Task statement:
Starting at the top line, print the entries below exactly as they are and skip every picture.

Source material:
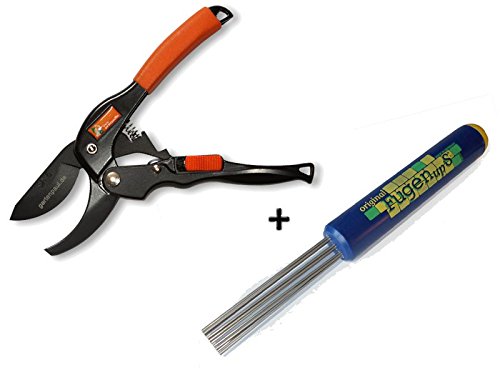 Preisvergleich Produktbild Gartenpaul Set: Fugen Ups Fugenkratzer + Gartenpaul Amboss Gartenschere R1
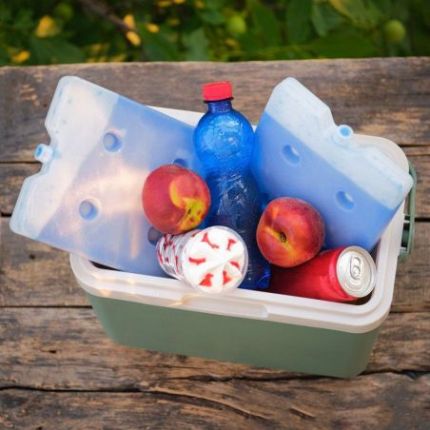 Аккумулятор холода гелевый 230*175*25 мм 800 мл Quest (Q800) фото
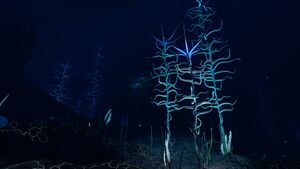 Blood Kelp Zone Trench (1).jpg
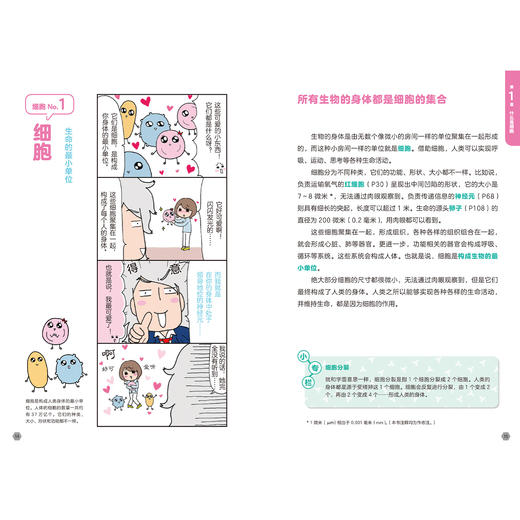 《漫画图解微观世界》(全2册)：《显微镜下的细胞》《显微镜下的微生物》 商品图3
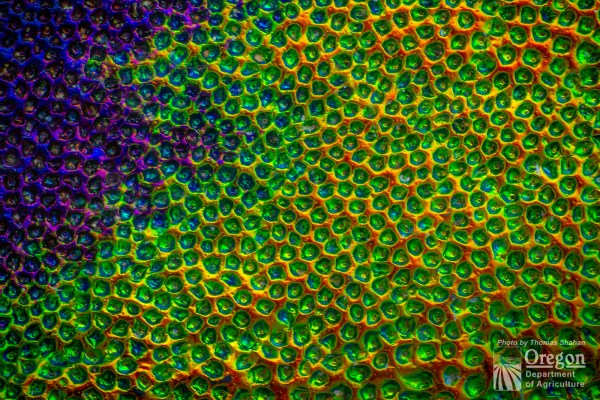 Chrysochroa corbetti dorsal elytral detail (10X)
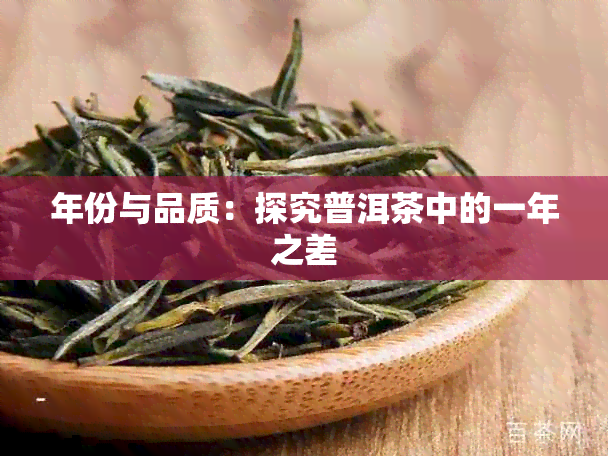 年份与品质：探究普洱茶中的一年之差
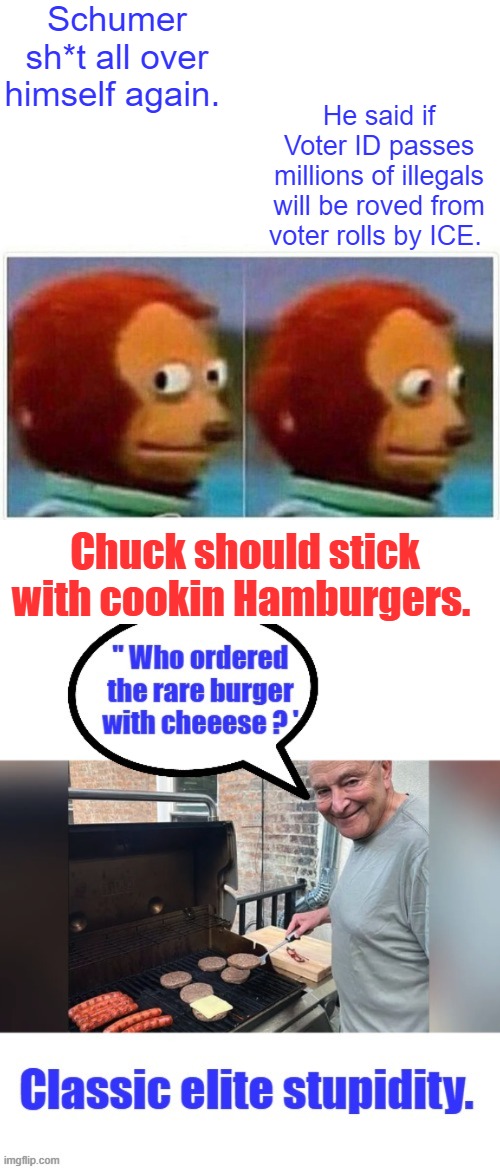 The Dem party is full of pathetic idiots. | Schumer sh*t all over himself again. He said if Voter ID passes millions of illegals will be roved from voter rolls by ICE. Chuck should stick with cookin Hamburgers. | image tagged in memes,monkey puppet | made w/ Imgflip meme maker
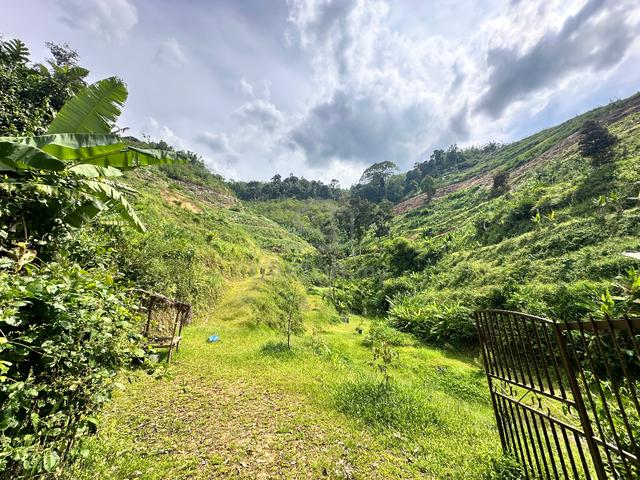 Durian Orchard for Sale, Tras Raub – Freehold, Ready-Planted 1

Expected answer:
 Preisvergleich Produktbild Gartenpaul Set: Fugen Ups Fugenkratzer + Gartenpaul Amboss Gartenschere R1
 Аккумулятор холода гелевый 230*175*25 мм 800 мл Quest (Q800) фото
 Blood Kelp Zone Trench (1).jpg
 《漫画图解微观世界》(全2册)：《显微镜下的细胞》《显微镜下的微生物》 商品图3
 Chrysochroa corbetti dorsal elytral detail (10X)
 年份与品质：探究普洱茶中的一年之差
 The Dem party is full of pathetic idiots. | Schumer sh*t all over himself again. He said if Voter ID passes millions of illegals will be roved from voter rolls by ICE. Chuck should stick with cookin Hamburgers. | image tagged in memes,monkey puppet | made w/ Imgflip meme maker
 Durian Orchard for Sale, Tras Raub – Freehold, Ready-Planted 1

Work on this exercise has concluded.